◆ WHAT YOU NEED TO DO ◆
Copy, pictures aside: the lines below from the one that holds "A pair of gold-rimmed" through the final line of the listing, both ends included, exactly as they are and nothing else.

◆ DATASET SECTION ◆
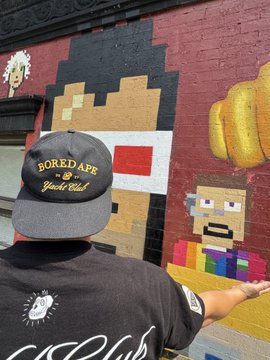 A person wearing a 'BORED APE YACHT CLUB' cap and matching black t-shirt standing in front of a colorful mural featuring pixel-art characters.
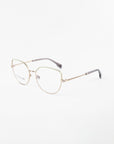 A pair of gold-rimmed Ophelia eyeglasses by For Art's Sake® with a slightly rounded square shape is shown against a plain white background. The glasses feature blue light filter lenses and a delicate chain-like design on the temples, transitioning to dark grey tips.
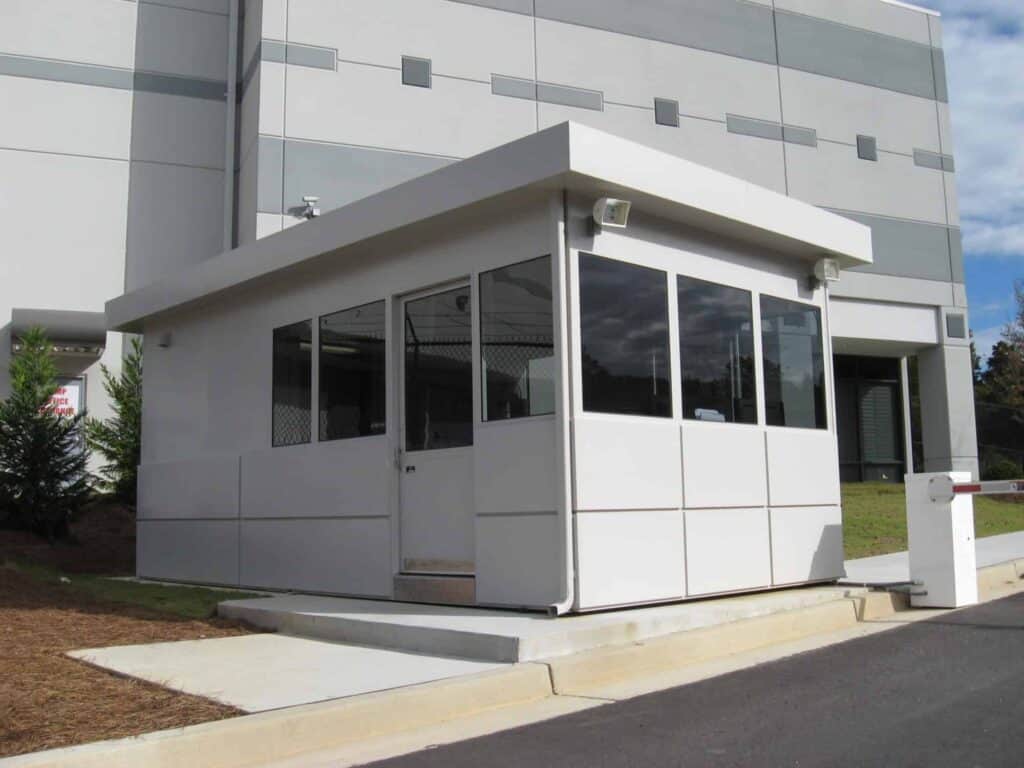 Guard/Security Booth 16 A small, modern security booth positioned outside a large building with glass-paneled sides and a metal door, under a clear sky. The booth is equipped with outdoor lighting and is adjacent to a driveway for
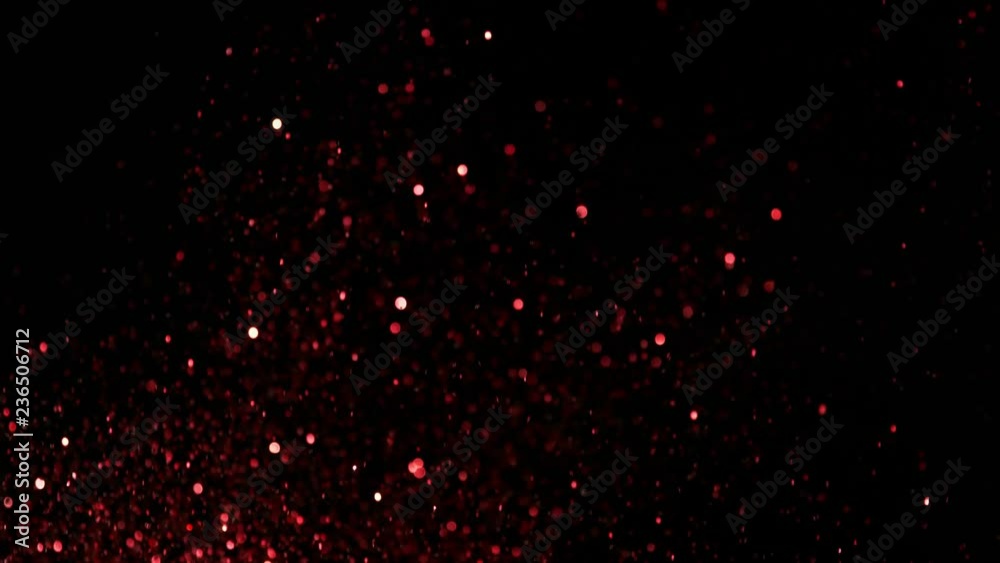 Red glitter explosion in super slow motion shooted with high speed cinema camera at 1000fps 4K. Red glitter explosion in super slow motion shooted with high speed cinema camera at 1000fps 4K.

◆ ANSWER BELOW ◆
 A pair of gold-rimmed Ophelia eyeglasses by For Art's Sake® with a slightly rounded square shape is shown against a plain white background. The glasses feature blue light filter lenses and a delicate chain-like design on the temples, transitioning to dark grey tips.
 Guard/Security Booth 16 A small, modern security booth positioned outside a large building with glass-paneled sides and a metal door, under a clear sky. The booth is equipped with outdoor lighting and is adjacent to a driveway for
 Red glitter explosion in super slow motion shooted with high speed cinema camera at 1000fps 4K. Red glitter explosion in super slow motion shooted with high speed cinema camera at 1000fps 4K.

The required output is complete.